Brazilian artist Beatriz Milhazes embraces motifs that might become kitschy in less skilled hands. Heavily influenced by both the botanical gardens outside her studio and her sister’s dance company, the flirtatious colors and festive patterns are steeped in carnivalesque rhythms and landscape of her native Brazil. Milhazes has exhibited extensively, showing at the 2006 Shanghai Biennial and the 2004 Venice Biennale. Milhazes has work included in the collections of The Metropolitan Museum of Art, Guggenheim, 21st Century Museum of Contemporary Art, Kanzawa, Japan, and Museo Nacional Centro de Arte Reina Sophia Madrid, Spain.
For James Nares, painting is a sort of ritual process. A finished work, comprised of a single “perfect” brushstroke, in some ways relates to Asian calligraphy. However, unlike working with ink on paper, open to the caprices of chance, Nares reworks canvases over and over until a precise gesture appears capturing the perfect brush stroke. Born in England, Nares has worked and lived in New York since 1974. Nares work is included in many collections, including Albright Knox Museum, Museum of Modern Art, and the Whitney Museum of American Art.

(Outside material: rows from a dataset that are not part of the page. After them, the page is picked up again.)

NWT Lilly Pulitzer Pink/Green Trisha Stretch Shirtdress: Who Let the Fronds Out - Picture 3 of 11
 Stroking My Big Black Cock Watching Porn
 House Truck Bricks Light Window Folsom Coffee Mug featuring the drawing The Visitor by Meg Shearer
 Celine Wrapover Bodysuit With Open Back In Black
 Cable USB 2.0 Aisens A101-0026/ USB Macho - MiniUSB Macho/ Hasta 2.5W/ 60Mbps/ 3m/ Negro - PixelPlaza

German photographer Roland Fischer photographs sections of buildings’ façades in such a way as to flatten their geometry and create two-dimensional abstract compositions that are simple and starkly beautiful. Closely cropped buildings allude to both abstract painting and portraiture, purposefully concealing the context and size of large buildings in order emphasize their unique decorative and geometric patterns. Work by Fischer is included in collections, such as the Margulies Family Collection, Merrill Lynch London, Microsoft, and Museo Municipal de Arte Contemporáneo de Madrid, among others.

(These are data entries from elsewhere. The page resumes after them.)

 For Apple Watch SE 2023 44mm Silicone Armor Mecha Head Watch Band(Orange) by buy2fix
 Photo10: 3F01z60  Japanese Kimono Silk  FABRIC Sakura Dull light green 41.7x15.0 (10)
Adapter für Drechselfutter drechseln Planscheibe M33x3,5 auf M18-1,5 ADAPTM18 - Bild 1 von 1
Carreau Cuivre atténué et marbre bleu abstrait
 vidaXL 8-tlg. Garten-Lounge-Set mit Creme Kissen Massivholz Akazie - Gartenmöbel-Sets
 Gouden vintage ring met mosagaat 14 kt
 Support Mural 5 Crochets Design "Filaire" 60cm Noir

And in the OTHER GALLERY, recent Columbia graduate, Alison Elizabeth Taylor masterfully works ambiguous scenes of small-town adolescent angst in a suite of screenprints published by Durham Press making their exhibition debut at Marty Walker Gallery. In this suite, Taylor continues to portray suburban small-town scenes of mischief, boredom, and awkwardness, among barren landscapes and tacky interiors. Taylor’s narratives are sharp social critiques displaying the banal and the abject in her dystopic vision of modern life. Taylor’s mundane landscapes are executed in the antiquated medium of marquetry (wood veneer inlay), for a solo exhibit at James Cohan Gallery, May 22 -June 21st, 2008.
This week we had both Alison Elizabeth Taylor and Emil Lukas out working in the studios. Alison is a recent graduate of the Columbia University School of the Arts, and this is her first time collaborating with Durham Press. In this new project, she is revisiting some of the imagery used in her wood veneer inlay pieces (which you can see here), and transforming them into a series of multi-color screenprints. In the image below, JP and Jason are discussing a proof of one of the three prints to be included in the portfolio. The title of the series is Idylls.
Alison’s work is comprised of a muted, earthy palette that evokes both tacky, suburban home interiors and polluted, wasteland landscapes. Jackie has been tirelessly mixing ink trying to acheive the subtle tonal differences in these images. In the picture below, you can see her working on getting the inks right, and you can see some of the colors she’s come up with in the second image of Jason looking over the proofs.